HCSS-West, which will open in 2018, will initially serve 252 students in grades 6th through 9th, and grow to serve 588 students in grades 6th through 12th. Like the existing HCSS, which was founded in 2009, the new school will have a math and science focus.
The press release sent out by BESE said HCSS-West would be located in Westfield, but that has not been decided. According to Hampden Charter School of Science Director Tarkan Topcuoglu, the location has not yet been finalized.
“This is not clear yet, we are still looking for options in one of the districts of West Springfield, Westfield, Agawam and Holyoke. The plan is to open in 2018 with 252 students, and expand to 588,” Topcuoglu said. He also said that they are evaluating whether to build or lease a building for the new school.
Topcuoglu said he was happy that the Board acknowledged their success by voting to allow the new school, “which creates more opportunities for the parents in those districts,” he said, adding that the school has a strong team, and is looking forward to starting another success story.
According to Jacqueline Reis, a spokesperson for BESE, the report that the school would be located in Westfield was based on the initial request for the expansion.
“Earlier in the charter school application process, the applicant group for Hampden Charter School of Science – West told us that they hoped to locate in Westfield. More recently, they told us that they are exploring a few different potential facilities within their charter region. The important thing from our perspective is that the school be in the specified region (Agawam, Holyoke, Westfield and West Springfield),” Reis said.
The stated mission for HCSS is to provide a college preparatory-focused education to the youth of every race and ethnic group in a safe, academically challenging, and caring educational environment.
“Our promise is to sustain small school size, provide extended math and science curriculum, individualized attention, college guidance, university outreach programs, and to encourage student-teacher-parent partnership. Our mission will empower our students with the support necessary to reach their highest intellectual, emotional, social and physical potentials building on the inherent promise to aid students’ preparation for college.”

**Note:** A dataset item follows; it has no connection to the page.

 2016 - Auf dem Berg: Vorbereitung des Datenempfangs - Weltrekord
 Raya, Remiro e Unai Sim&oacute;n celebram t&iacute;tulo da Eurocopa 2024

Topcuoglu said that 96% of HCSS graduates are in college.
Westfield Public Schools Superintendent Stefan Czaporowski said that he was aware of the application, and that it was going to be approved at the meeting on Monday. The vote by the Board was not unanimous, but 5-3-1 in favor of the new school.
WPS School Committee Vice Chair Cynthia Sullivan also said that the School Committee knew about the application. Sullivan said the application was in process before the Question 2 no vote in November, which retained the previous cap on the number of new charter schools in Massachusetts, but still allows for new schools.
Sullivan attended a public hearing on the HCSS-West application at Westfield State University earlier this winter, and expressed her opposition to the school, which ultimately hopes to draw 150 students from each town in its service area.
“I just wish the state and the federal government would put their resources into public education, because that’s where the majority of our students are, in the public schools. It fragments the resources and financial stability of our public schools, and that’s not helpful,” Sullivan said.
Mayor Brian P. Sullivan said he has not heard that the school will be located in Westfield. His concerns are also around the financial ramifications, and how it will affect the students in Westfield. According to the HCSS website at hampdencharter.org, charter schools are public schools.
Charters are founded by parents and community leaders who believe there are educational needs that are not being met by district schools. They operate independent of local school districts and local government and are overseen by the state Board of Elementary and Secondary Education (BESE).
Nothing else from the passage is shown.